___ DATASET EXCERPT
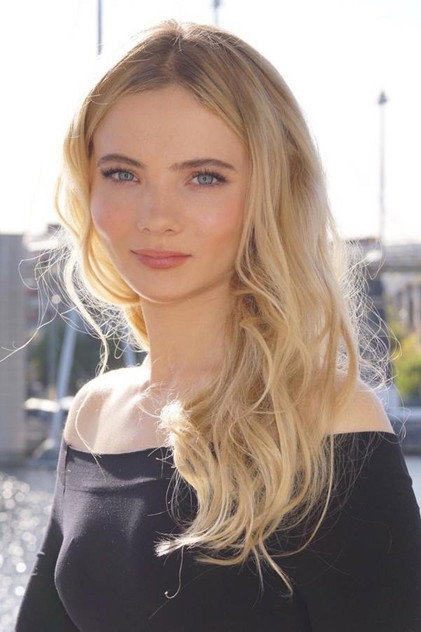 Freya Allan - 16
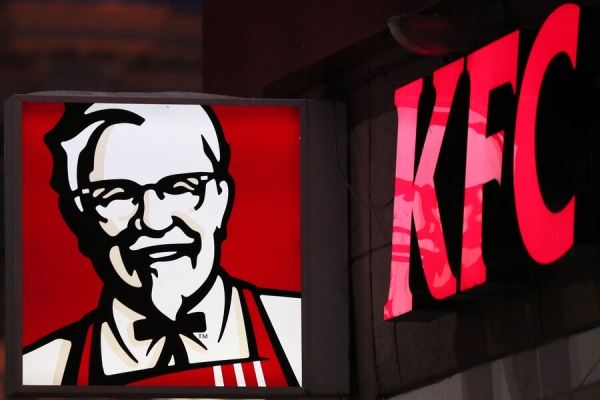 Судьба полковника в России: владелец KFC продает бизнес россиянам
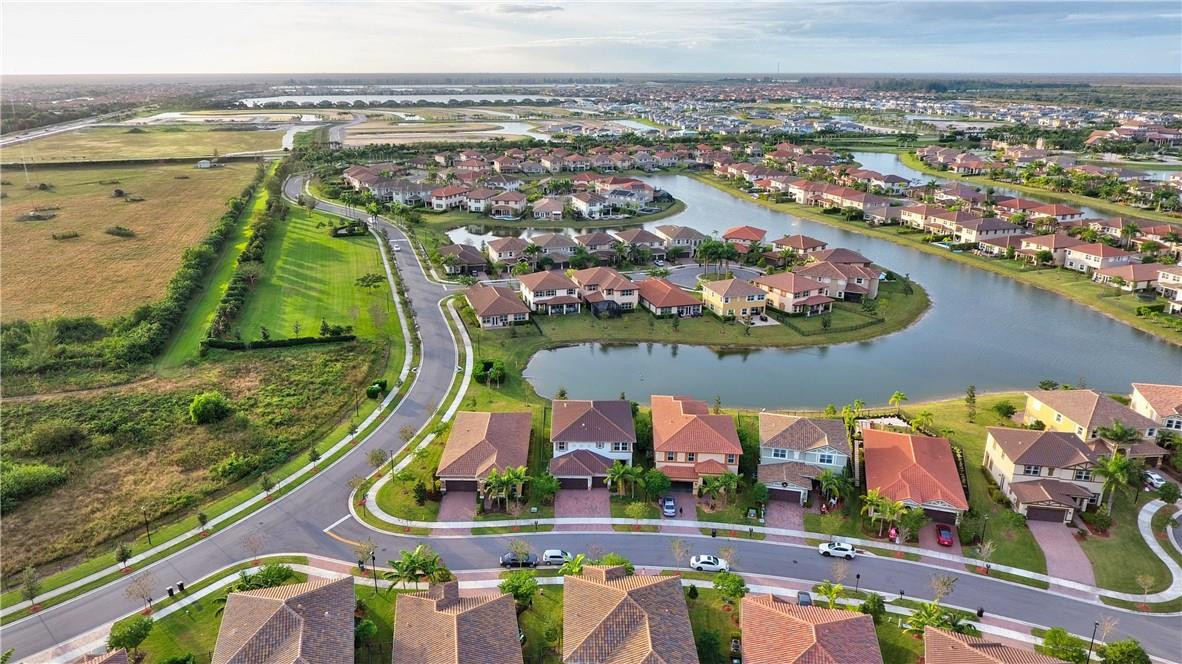 MiraLago - Residential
______
## [ASSIGNMENT]
All lines above must be repeated exactly, and the pictures must be omitted.

## [ANSWER TO THE EXERCISE]
 Freya Allan - 16
 Судьба полковника в России: владелец KFC продает бизнес россиянам
 MiraLago - Residential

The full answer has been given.